Oh, and btw? If you’re taking all that happiness and excitement and channeling it into your relationship with me? You can take all that shit and shove it up your ass; I don’t want anything having to do with your affair- good or bad.
9. But Sometimes Honesty IS Better
Yes, Virginia, couples can recover from an affair. I’ve known a number of people who’ve admitted infidelity to their spouse. And after a period of intense anger, separation and/or couples therapy, I’ve seen a number of these couples fix the holes of their relationship to become stronger, more intimate and more committed than when they first got together.

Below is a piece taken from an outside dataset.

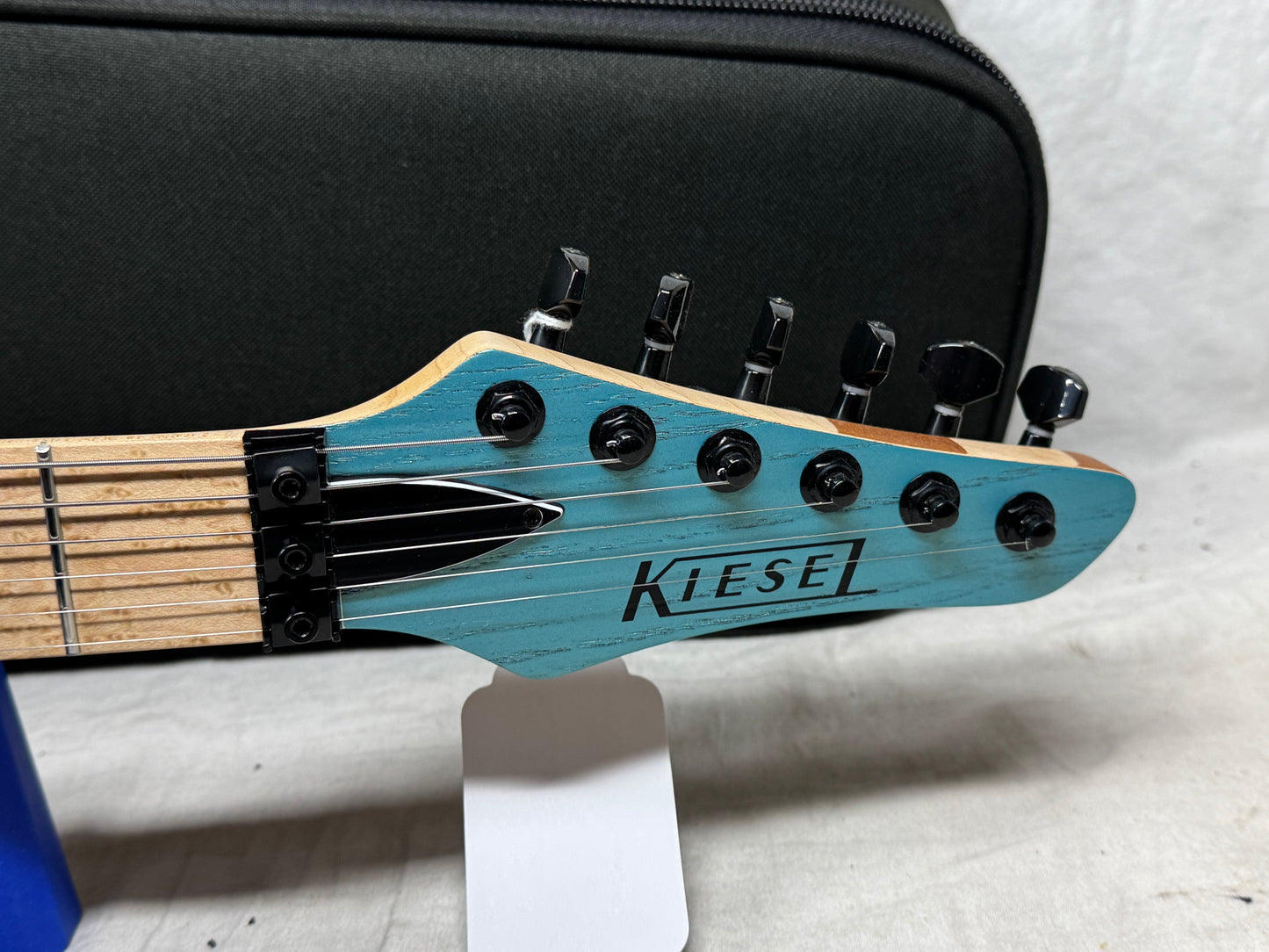 Kiesel A2 6 6-string Guitar with Gig Bag - Blue Mist Metallic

Over on Chump Lady, they call those couples unicorns because they are so very rare. Generally what you are seeing are people, both husbands and wives, who don’t want to lose half of their net worth. You see people who don’t want to lose their cushy lifestyle, people who want to be taken care of while they fuck other people. You see people who want to present their picture perfect family life to others while they fuck anything that moves. You see people who love the idea of two people fighting over them. You see lying and gas lighting and blame shifting and head games and trickle truth. You see people who, in other words, want to have their cake and eat it, too.
Very few couples honestly make it through the devastation of infidelity. The relationships are never the same and I don’t think many of them are stronger for it. Do some of them make it? Sure. Are some of them stronger now? Absolutely. But I wouldn’t bet on it. In fact, although I still believe everyone needs to make up their own mind on how to handle infidelity in their relationship, if I’m being honest I would advise leaving. Too many sunk costs. Too high of a risk.

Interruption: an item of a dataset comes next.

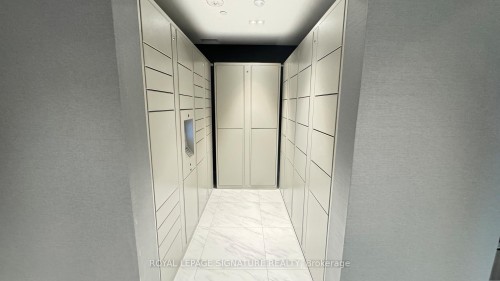 507-500 Dupont Street, Toronto, ON - Indoor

10. One-Way Cheating Rocks
There are many benefits to single-sided cheating. For me, right or wrong—remember, no judgment here—it was a hell of a lot easier to have a clear conscience during the affair. Another benefit of being single is it allowed me—during late night crying fits fueled by loneliness, or lack of a sext in 24 hours—to remind myself that my married lover was a lying scumbag* and that I deserved someone better anyway. (If you’re cheating on someone too, this angle just won’t work as well.)
*Okay, so I am capable of a little judgment. But it was temporary.
Parker, you were not an innocent party in this. It takes two to fuck. You were a part of that. It doesn’t matter that you weren’t married to his wife. You knew fucking her husband was wrong and yet you did it anyway. Did you break vows? No. Did you do a shitty thing to an innocent person? Absolutely.
11. Sigh… Single or Not, You’re Not Really Innocent
For most of my affair, I enjoyed my clear conscience. Whenever culpability crept up on me, I easily reminded myself that he was the liar, and sometimes would even blame his wife for choosing not to know. (Again, see No. 4.) But eventually I realized that despite being single, I wasn’t innocent. (Turning this philosophically more enlightened corner really sucked.) I clearly wasn’t as directly involved in betraying my lover’s family as he was, but I certainly played a part in the deceit. It’s not something I feel good about. But it’s something I have to live with. Forever.
There we go! Now you’re getting it!
12. You Can Probably Never Trust a Cheater
My lover and I frequently fantasized about the happy life we were meant to have together as two sexually, intellectually and spiritually compatible people. Yet, deep down, I knew if he ever did leave his life—during our affair or later—I could never trust him. Every business trip, every late night out with the boys, no matter what he told me, I’d wonder. (As a gut truster, I’d definitely bust his ass, too.) Maybe if he’d only cheated with me, I’d have felt differently, but I knew he had a history. And I’m pretty sure he’d still be seeing me now if I let him. That said, there are always exceptions. (See No. 9.) And for me, the most important one was my own. I ended my affair because I didn’t want to be a cheater anymore. And that was my greatest lesson.
Oh don’t worry, Parker; I’m sure you were super duper special. All affair partners are.